Trump proposes bigger budget for Pentagon, nuclear arsenal

WASHINGTON (Reuters) - U.S. President Donald Trump has proposed a military budget that is the largest since 2011 and focused on beefing up the country’s nuclear defenses and countering the growing strength of China and Russia.

Copies of the President Trump's FY 2019 budget proposal are delivered to the U.S. House Budget Committee offices on Capitol Hill in Washington, U.S. February 12, 2018. REUTERS/Jonathan Ernst

The proposal, part of Trump’s budget request for the U.S. government, would provide the Pentagon $617 billion and an additional $69 billion to fund ongoing wars in fiscal year 2019. That is $74 billion more than in the budget for the previous fiscal year.

Critics, however, say that the proposed spending increase falls short of what Trump had promised during the 2016 presidential campaign, when he frequently depicted the U.S. military as underfunded.

The budget documents specifically highlighted “reversing the erosion of the U.S. military advantage in relation to China and Russia,” which was a focal point of the National Defense Strategy unveiled by Defense Secretary Jim Mattis in January.

Funds for the maintenance of the U.S. nuclear arsenal also increased.

On top of the Pentagon’s $686 billion budget request was an additional $30 billion for non-defense agencies including the Department of Energy, which maintains the country’s nuclear weapons.

The budget request for the National Nuclear Security Administration, a semi-autonomous wing of the Department of Energy, was $15.09 billion, an increase of nearly $1.2 billion from last year’s proposal.

The Department of Energy said the money was needed to modernize and restore the country’s nuclear weapons complex.

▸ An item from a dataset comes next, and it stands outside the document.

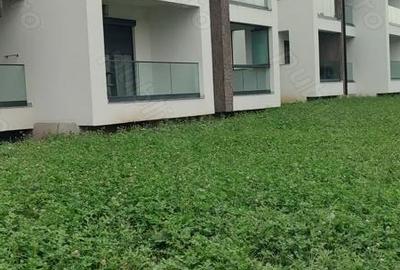 Apartament cu 3 camere în Aeroport - 1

The Trump administration has called for an expansion of the U.S. low-yield nuclear weapons capability.

The budget request must be passed by Congress, which controls federal purse strings and rarely enacts presidential budgets.

Mackenzie Eaglen, an analyst at the American Enterprise Institute, a Washington think tank, said “this modest year-on-year increase will not allow the military to pursue anything resembling a rebuild along the lines touted by candidate Trump on the campaign trail to rapidly grow the Army, build a 350-ship Navy, and increase the combat Air Force.”


The Pentagon's budget request earmarks $10.7 billion for the purchase of 77 F-35 fighter jets made by Lockheed Martin Co LMT.N as well as $2 billion to purchase 24 Boeing Co BA.N F-18 Super Hornets.

The Air Force said it decided against pursuing a competition to replace its Joint Surveillance Target Attack Radar System (JSTARS) battlefield management and control aircraft which involved Boeing, Lockheed Martin and Northrop Grumman NOC.N. Instead, the Air Force will look at a different array of sensors to track information from the battlefield.

The budget request for the Missile Defense Agency (MDA), the agency tasked with protecting the country from missile attacks, was $9.9 billion, which is up from the $7.8 billion funding request for fiscal 2018.

Last year, Reuters reported the Pentagon was evaluating the West Coast for new anti-missile defenses which would likely include the Terminal High Altitude Area Defense (THAAD) anti-ballistic missile system similar to those deployed in South Korea to protect against a potential North Korean attack.

On Monday, Gary Pennett, MDA’s director of operations, told reporters at the Pentagon there was no funding in fiscal 2019 or currently a plan to install THAAD on the West Coast.

The U.S. Navy's shipbuilding levels were in line with industry expectations including building three DDG-51 destroyers for $5.2 billion. Destroyers are built by General Dynamics Corp GD.N and Huntington Ingalls Industries HII.N.

The U.S. Army’s request earmarks funds to modernize 135 Abrams tanks. The 2018 budget requested the modernization of 56 of the General Dynamics-made vehicles.

As proposed spending for the Pentagon grew, 151 retired three- and four-star generals voiced their concerns on Monday about cuts to diplomacy and development spending and unfilled senior diplomatic positions.

“Today’s crises do not have military solutions alone,” the generals said in a letter to congressional leaders, opposing cuts in the international affairs budget.